Enviado por Estante Virtual em dom, 12/02/2012 - 21:07

P: Desejo jazer outra pergunta: deve um homem casar-se ou permanecer solteiro?

T: Isto depende do tipo de homem a que se refere. Se se trata daquele que se propõe viver no mundo, daquele que embora sendo um teósofo sincero, um trabalhador incansável da nossa causa, mas todavia ligado ao mundo por suas obrigações e desejos; daquele que, em uma palavra, sente que não concluiu para sempre com o que os homens chamam vida, e somente deseja conhecer a verdade e ser capaz de ajudar aos outros — então, digo que não há motivo para que não se case, se quer correr os riscos dessa loteria onde tão poucos saem premiados. Suponho que você não nos creia absurdos e fanáticos até o ponto de pregar também contra o matrimônio. Ao contrário, o matrimônio, salvo alguns casos excepcionais de ocultismo prático, é o único remédio contra a imoralidade.

 

P: Mas por que não se pode adquirir esses poderes e essa sabedoria na vida matrimonial?

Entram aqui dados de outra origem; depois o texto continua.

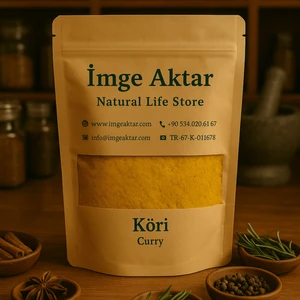 İmge Aktar Köri 100G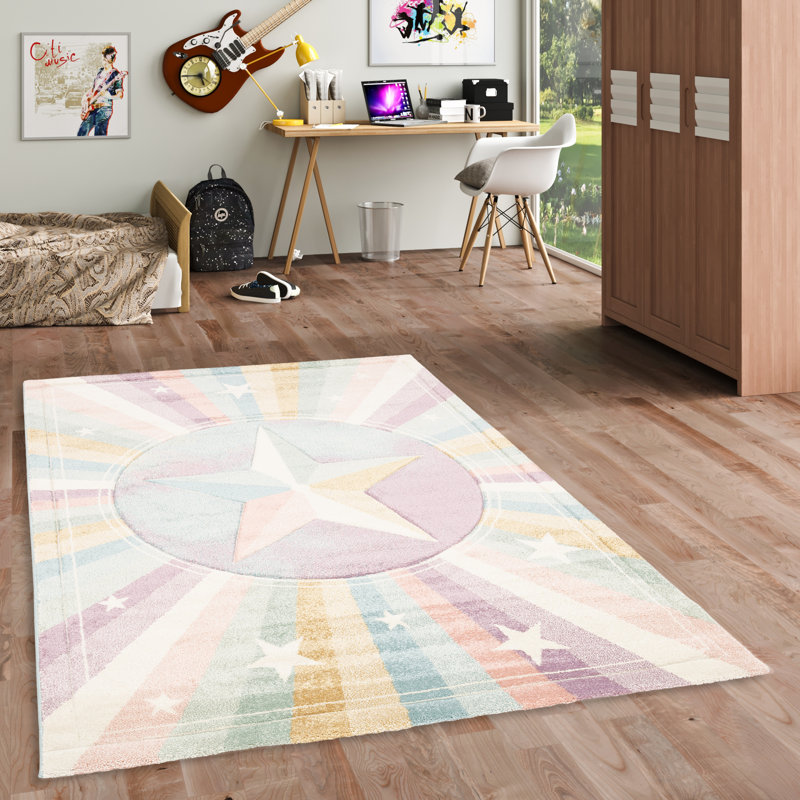 Garold Area Rug, Rectangle 140 x 200cm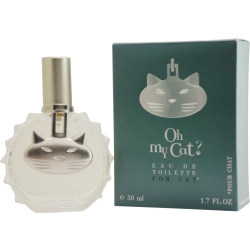EDT SPRAY 1.7 OZ FOR CAT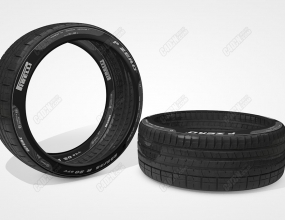 C4DƷ̥ Pirelli PZero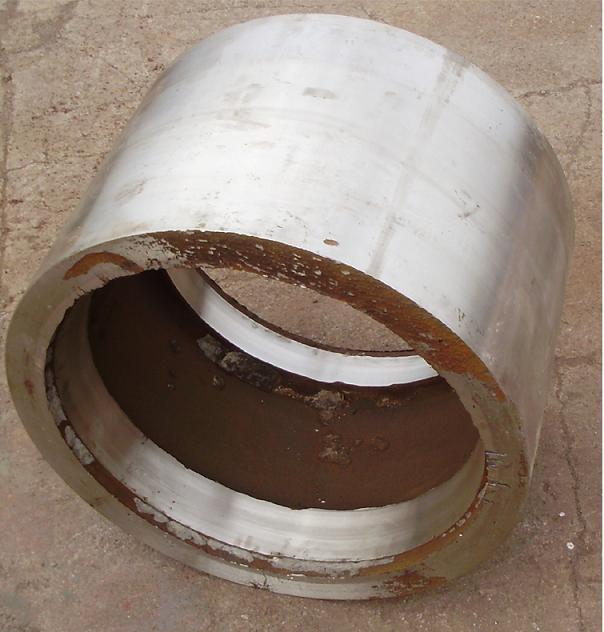 供應(yīng)雙輥破碎機(jī)、對(duì)輥破碎機(jī)、輥皮、輥殼、滾皮、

T: Compreenda que não podemos entrar em questões fisiológicas, mas posso responder de modo satisfatório, e que acredito suficiente, que explicará as razões morais que temos para isso. Pode um homem servir a dois senhores? Não. Portanto, é impossível para ele dividir sua atenção entre o ocultismo e uma mulher. Se tenta, seguramente não poderá fazer as duas coisas como seria necessário; e permita-me relembrar que o ocultismo prático é um estudo sério e perigoso para que um homem o empreenda se não age com a maior sinceridade e não está disposto a sacrificar tudo — e a si mesmo antes de tudo — para alcançar seu objetivo. Mas isto não se aplica aos membros de nossa Seção Interna. Apenas estou me referindo àqueles que estão resolvidos a palmilhar o caminho do discipulado, que conduz à meta mais elevada. Muitos dos que entram em nossa Seção Interna, se não todos, são apenas principiantes que se preparam nesta vida para entrar realmente naquele caminho em vidas futuras.